# Few things stranger than a night spanger



## Venatus (Nov 18, 2016)

Hey all. I am very steady about how I post and what I post. I also try to stay updated on the ups and downs of your adventures.
So maybe it's time I share quite little of my own. 

Spanging, oh my, it's a true test of how blessed one is, a humbling experience that even the most prideful can't lord over another. Spanging, yes that's what I have ahead of me for the next three days.

Don't get me wrong, I've been doing it for awhile, but as I have varying degrees of success I want to test new ways to do it. 

Now before you come at me with the::banghead:: or the::shifty:: I'd like to inform you that I made this post for advice.

If Im going to spange on a median at night, what kind of sign should I have? My default just hungry sign is great for the day, but I don't think it's what I'd want for the night. I don't mind getting food and money, but I'd rather get picked up by some sugar momma

So if you have any ideas for something I could write on a sign to get what Im looking for, I'd welcome the advice. If you need anymore details or want to bitch and moan that's okay too. 

A man can learn more from an insult than a compliment.


----------



## Mankini (Nov 21, 2016)

slick your hair back, and go to a reputable thrift store, clothing voucher in hand.

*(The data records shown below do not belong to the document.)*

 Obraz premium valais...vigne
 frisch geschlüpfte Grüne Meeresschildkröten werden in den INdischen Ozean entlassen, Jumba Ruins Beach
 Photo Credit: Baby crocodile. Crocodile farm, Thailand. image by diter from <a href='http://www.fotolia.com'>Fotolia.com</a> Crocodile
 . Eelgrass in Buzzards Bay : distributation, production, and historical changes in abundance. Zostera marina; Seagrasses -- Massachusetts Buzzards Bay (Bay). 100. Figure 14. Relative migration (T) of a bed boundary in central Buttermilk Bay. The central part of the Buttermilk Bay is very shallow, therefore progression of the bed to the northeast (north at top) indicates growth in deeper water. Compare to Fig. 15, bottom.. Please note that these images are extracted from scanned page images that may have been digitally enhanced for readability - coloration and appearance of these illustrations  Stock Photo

Buy linen, suede, or gabardine. Now, shave, shine your shoes (soles should be no more than 1/4'' thick) and do as i did on the streets of palm beach:

Scribble this epigram on your cardboard:

''_Remember Man as you go by
As you are now so once was I
As I am now so shall you be,
Prepare yourself to follow me."
-from an old Irish churchyard_


----------



## WanderLost Radical (Nov 21, 2016)

Im curious to know why the hell would you wanna spange at night? 

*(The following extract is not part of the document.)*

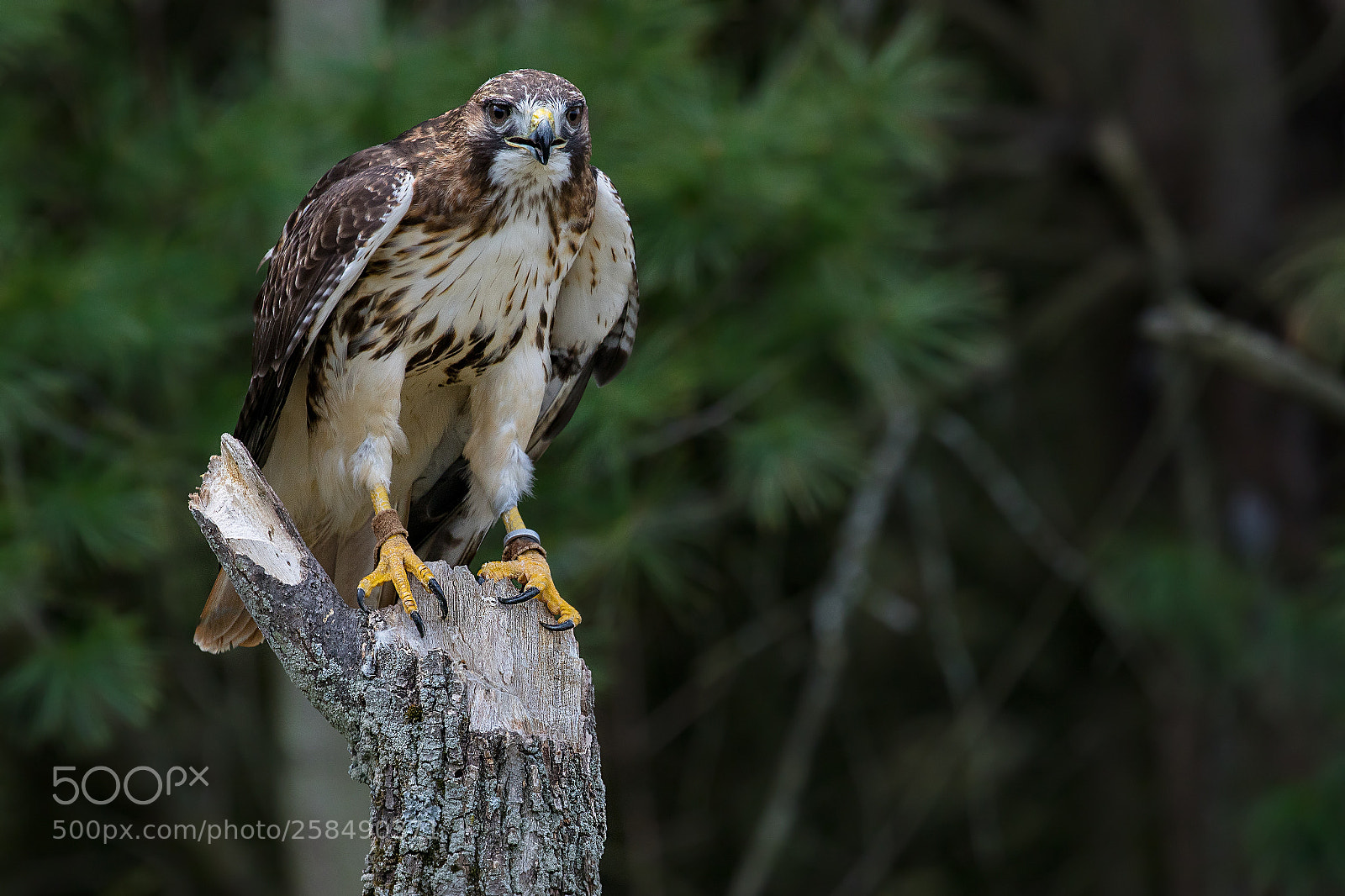 Canon EOS 5D Mark IV sample photo. Red tailed hawk photography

How about getting some sleep so you dont look like a zombie the next day?


----------



## Kim Chee (Nov 21, 2016)

Women won't bother with you when it is dark.

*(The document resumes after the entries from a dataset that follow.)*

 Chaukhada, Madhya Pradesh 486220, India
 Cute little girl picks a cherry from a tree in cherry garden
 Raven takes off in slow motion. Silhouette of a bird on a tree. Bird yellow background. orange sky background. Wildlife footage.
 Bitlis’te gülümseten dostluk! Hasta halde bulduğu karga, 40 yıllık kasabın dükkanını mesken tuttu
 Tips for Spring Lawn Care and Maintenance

If you get on the median at night you'll probably get the cops called on you.


----------



## AlwaysLost (Nov 22, 2016)

I ve only spanged at night downtown. But its hard to compete with the buskers.. Its a good time to get food though leftovers at least. Frat boys would throw shit at me and hassle me sumtimes. Saturday early afternoon that's where the money is. At least in Lawrence.


----------



## creature (Nov 22, 2016)

holy shit, man..

remember when we got pulled over in that fucking *mall*, while just *driving*??

the bastards were at a doughnut shop..

i mean.. to do something different, sure.. to try & make it a method?

you had better be able to bend space-time, which in fact, a shitload of us here actually, actually *do*...


----------



## Venatus (Dec 12, 2016)

Despite the controversy I feel in this thread, I must say thanks anyway.
I have applied a degree of reform to how I fly and what I fly. 
It has given me fortune in this dry time of year.


----------